Abstract:
The distribution of meteorological stations in China is sparse and uneven, which can bring some difficulties for flood simulation of many small and medium-sized watersheds, where station-based precipitation information is usually insufficient. Merging satellite and ground-measured datasets is an effective method to obtain high spatiotemporal precipitation datasets, but the adaptability of the merged precipitation in flood simulation needs further studies. In this paper, Tunxi Basin is taken as an example to evaluate the capacity of these merged precipitations in flood simulation. Two important near-real-time satellite precipitation products in GPM era, IMERG_Early and GSMaP_NRT, are applied in this study.
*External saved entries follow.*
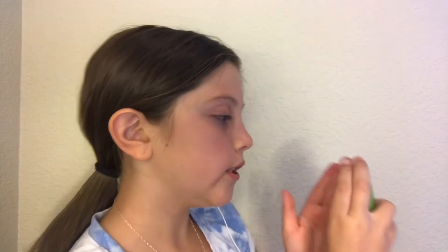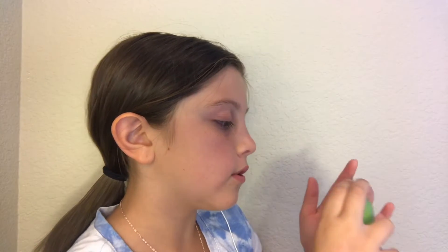First, I washed my face with a facial cleanser in the bathroom. Now I'm going to do this illuminating daily moisturizer. I'm trying to do just a tiny bit because it does go a long way.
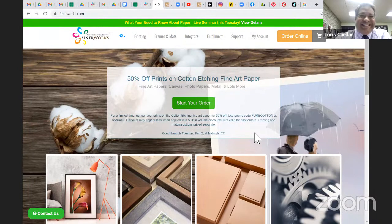Louis has always been very diligent in finding what we need and what our customers are looking for. When I go to Louis, I say, 'Hey Louis, I need a paper that looks like this or like that.' He may not have it, but he goes out and looks for it. If it's out there, he finds it.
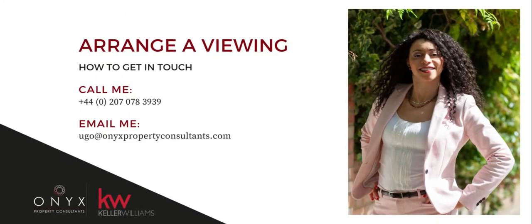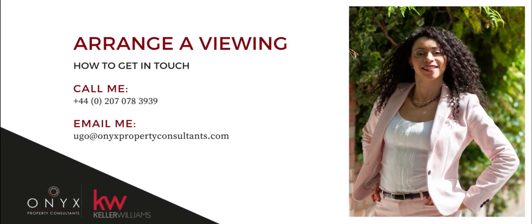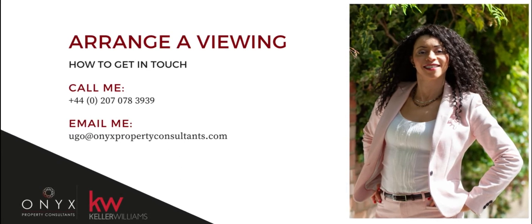If you want to live in this beautiful home or find out more about this property, please get in touch to book a viewing. That's Ugo Arunze with Onyx Property Consultants. See you soon.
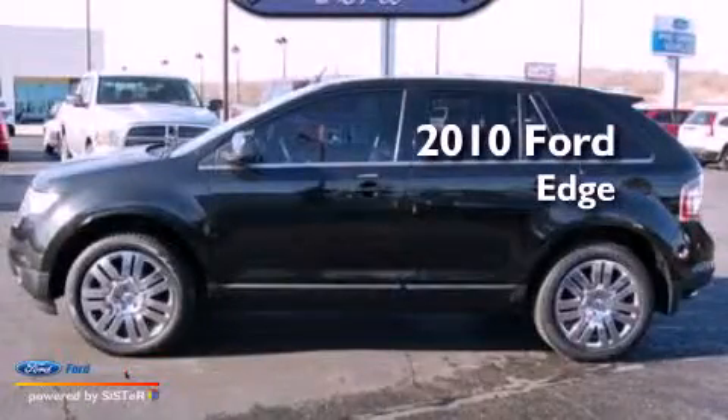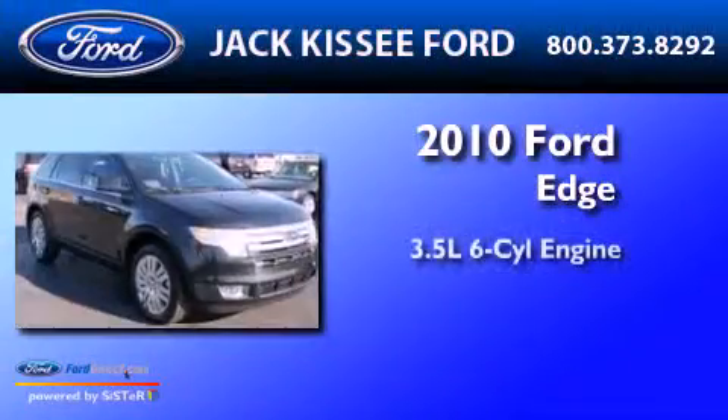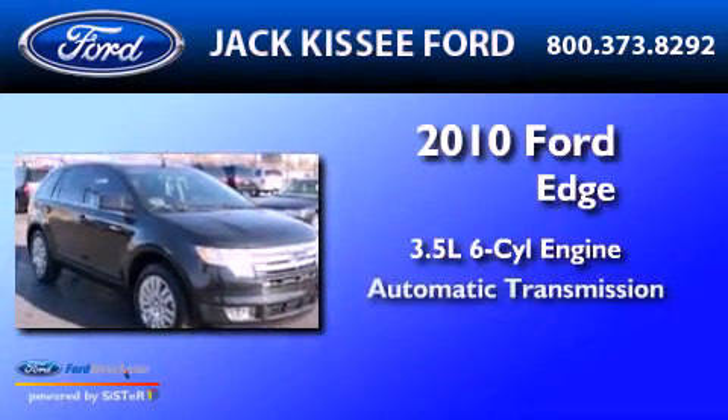This is a 2010 Ford Edge. It has a 3.5-liter six-cylinder engine and an automatic transmission.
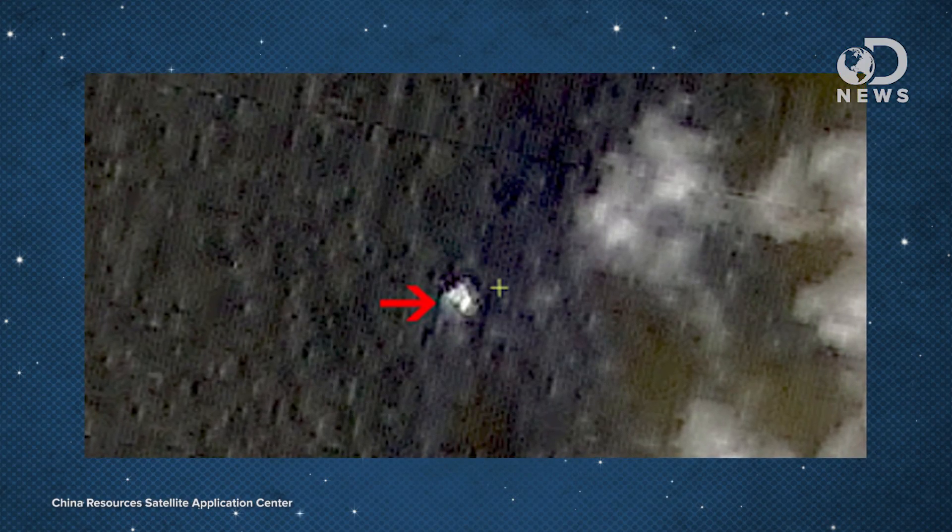With regard to the missing Malaysian airline, NASA is looking through the archives of their satellite data to see if any equipment was over the area at the relevant time. China's satellites spotted some debris on Sunday, but it's just small pieces of debris and it's in a constantly moving ocean, so they're difficult to identify. So far, no one has found anything of substance.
BP neural network model is adopted to merge them with ground measurements separately and then the two merged precipitation datasets are employed into Xin’anjiang model for flood simulation. Furthermore, in order to represent potential application of merged precipitation in the poor-gauged catchment, the number of meteorological stations in this area is reduced gradually to explore whether merged precipitation is still appliable when fusing only a little measured information. The results show that the merged precipitation is reliable no matter how much the in-situ information is available. Specifically, the averaged DC was above 0.8 and the qualification rate of
Qm and
ΔH was larger than 70% and 90%, respectively. When there are limited meteorological stations within the watershed, the merged precipitation can provide more reliable simulation results compared with gauged observations. Moreover, the simulation results in Qianyang basin show that merged precipitation based on 4 stations could present as reliable performance as 12 meteorological stations did in forecasting flood events. Therefore, merging satellite precipitation and station-based information can provide reliable precipitation datasets for flood forecasting, especially for small and medium-sized watersheds with limited in-situ information.